AIM OF THE EXERCISE:
Find "QUARKZMAN Vis en" below and begin at its line; stop after the line with "10A 6x5 Glueless". Output those lines exactly, without pictures.

[PROVIDED DATA Boundary: Start]

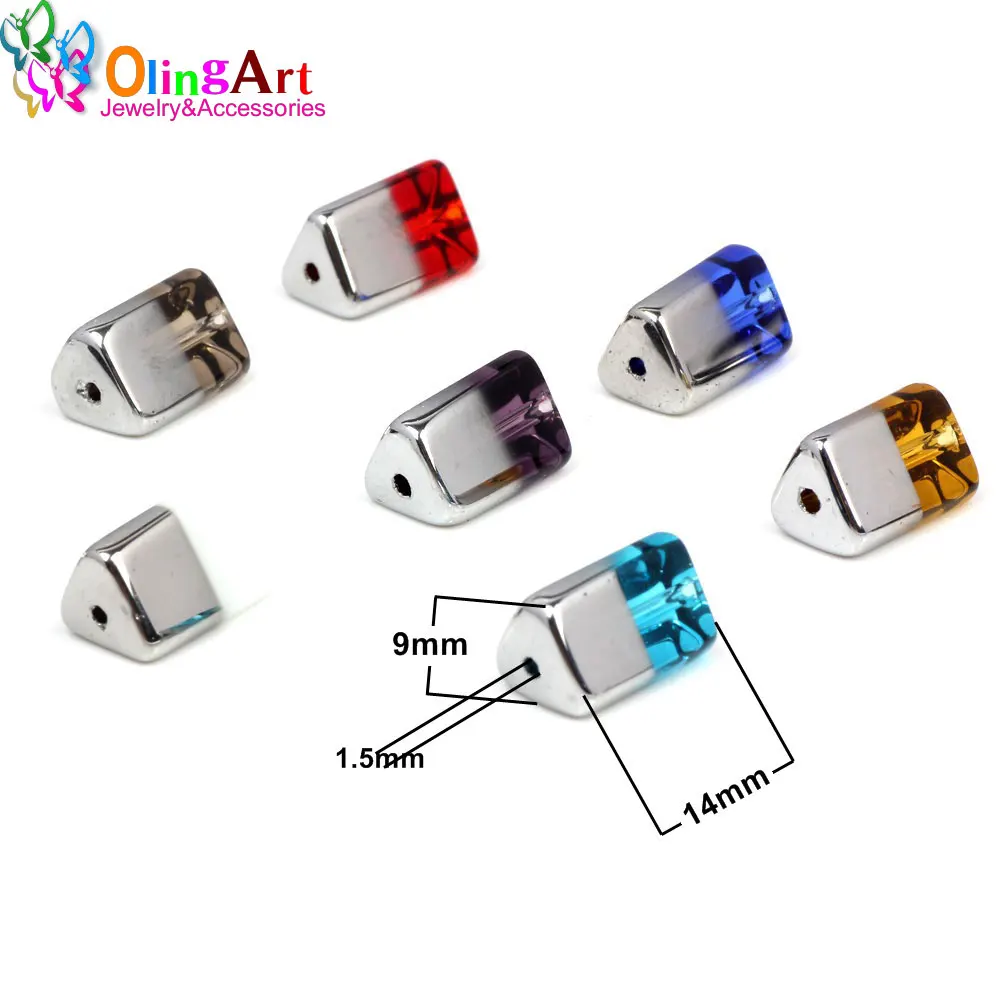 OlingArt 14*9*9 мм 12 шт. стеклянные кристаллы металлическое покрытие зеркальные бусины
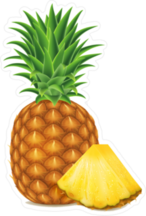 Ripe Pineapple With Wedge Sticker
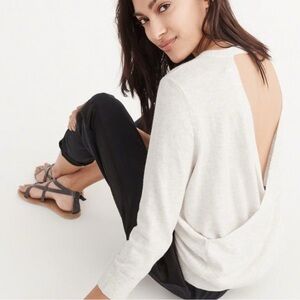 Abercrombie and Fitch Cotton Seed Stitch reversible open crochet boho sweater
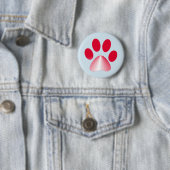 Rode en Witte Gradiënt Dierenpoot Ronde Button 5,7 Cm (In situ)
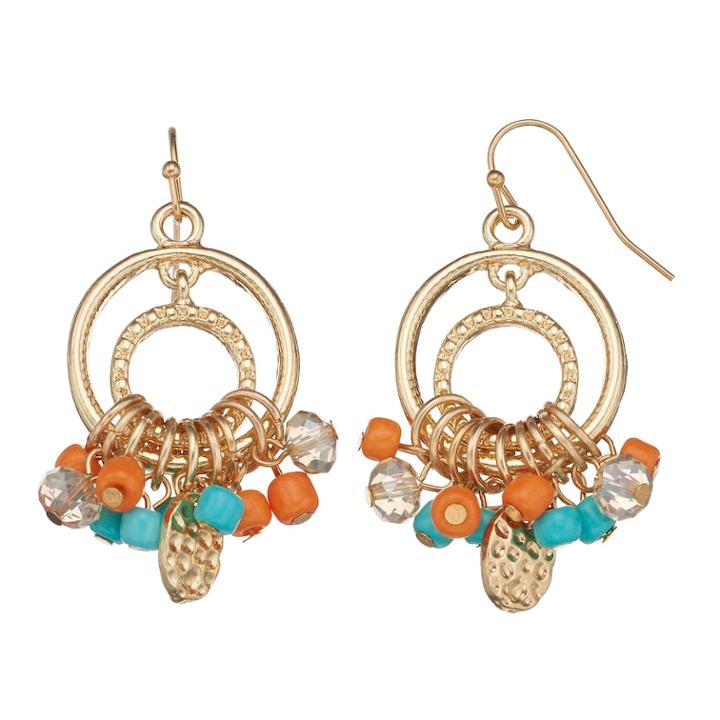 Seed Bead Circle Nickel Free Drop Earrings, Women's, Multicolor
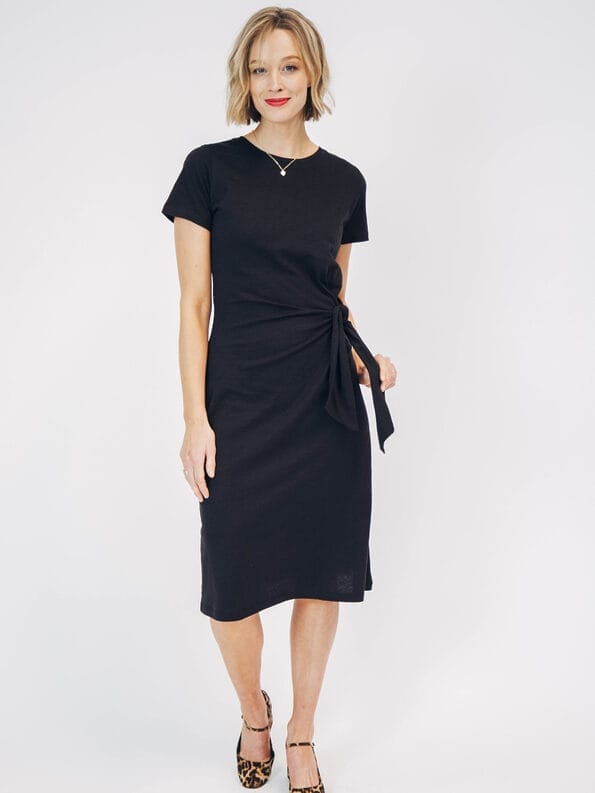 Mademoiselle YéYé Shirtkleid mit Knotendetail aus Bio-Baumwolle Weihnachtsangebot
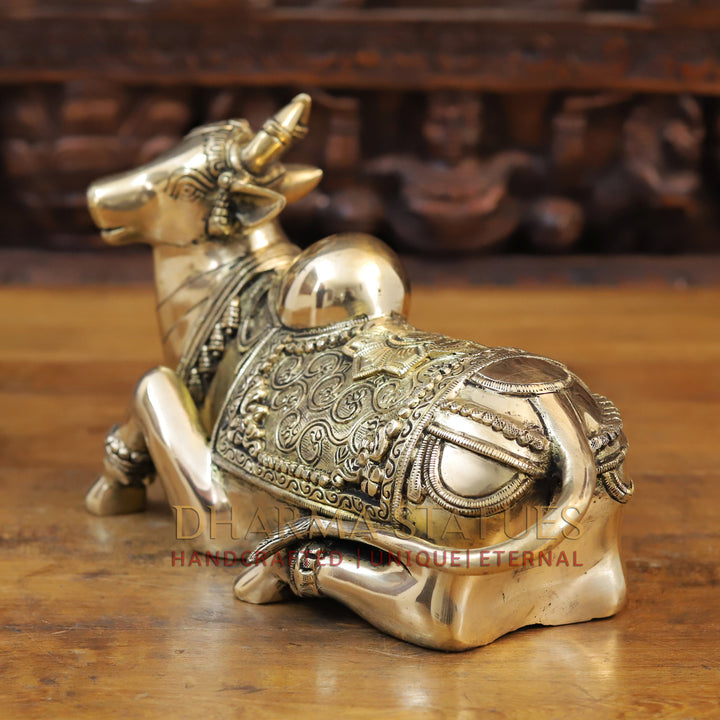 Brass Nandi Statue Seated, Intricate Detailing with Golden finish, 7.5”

[PROVIDED DATA Boundary: End]
[PROVIDED DATA Boundary: Start]

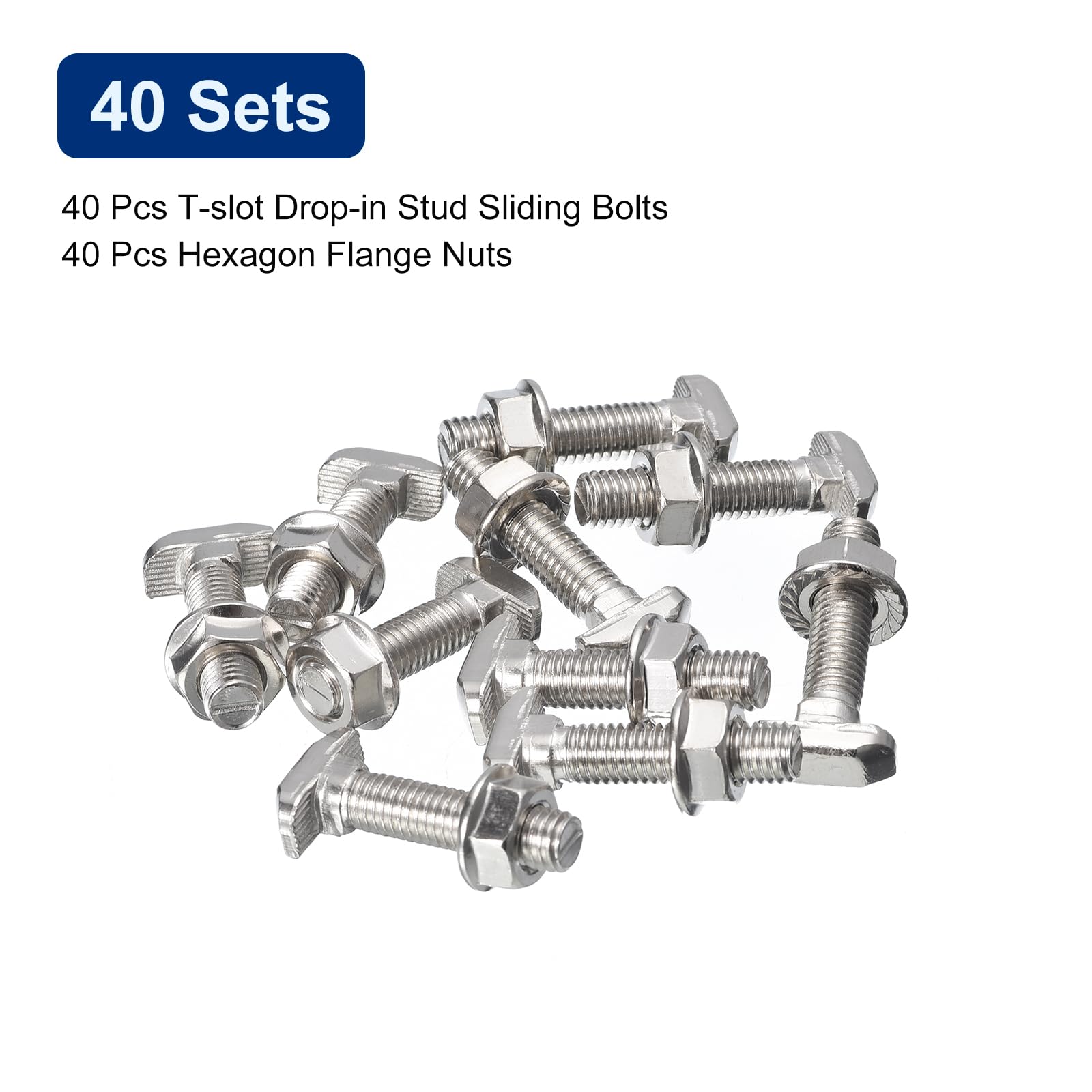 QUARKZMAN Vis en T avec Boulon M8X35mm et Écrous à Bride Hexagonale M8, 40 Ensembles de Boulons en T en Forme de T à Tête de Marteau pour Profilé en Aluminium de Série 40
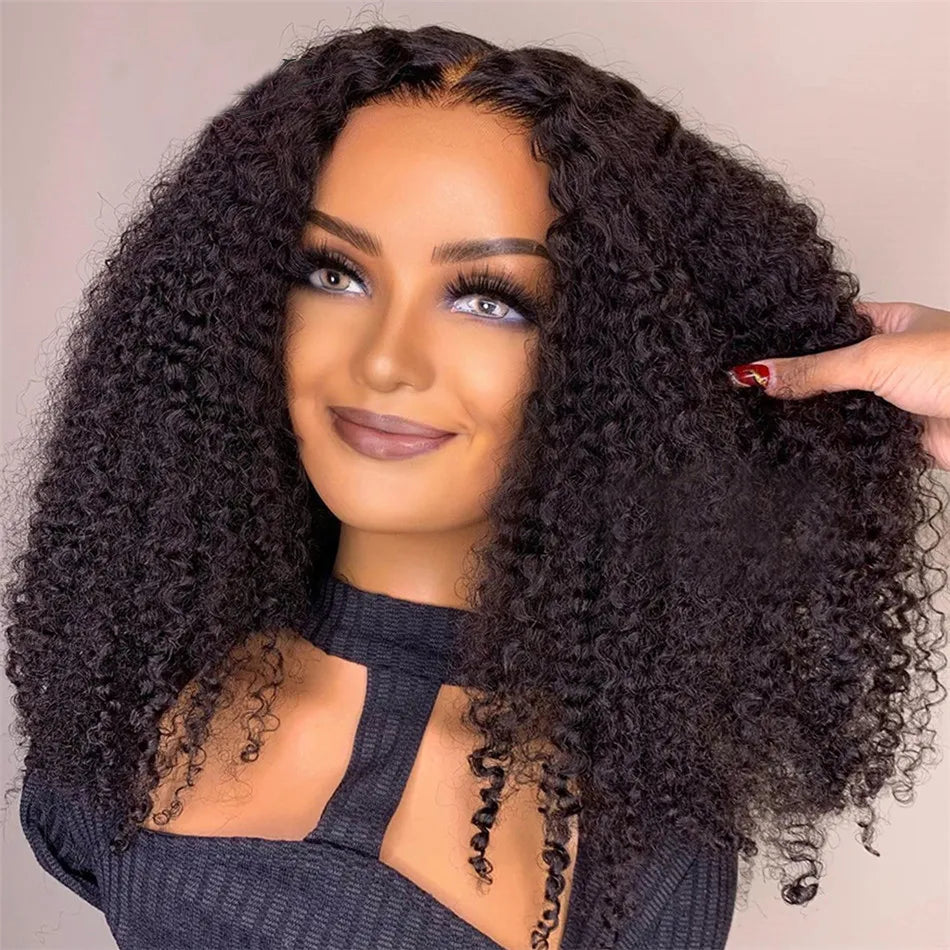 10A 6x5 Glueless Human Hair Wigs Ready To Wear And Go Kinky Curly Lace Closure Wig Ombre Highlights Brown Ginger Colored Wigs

[PROVIDED DATA Boundary: End]

OUTPUT:
 QUARKZMAN Vis en T avec Boulon M8X35mm et Écrous à Bride Hexagonale M8, 40 Ensembles de Boulons en T en Forme de T à Tête de Marteau pour Profilé en Aluminium de Série 40
 10A 6x5 Glueless Human Hair Wigs Ready To Wear And Go Kinky Curly Lace Closure Wig Ombre Highlights Brown Ginger Colored Wigs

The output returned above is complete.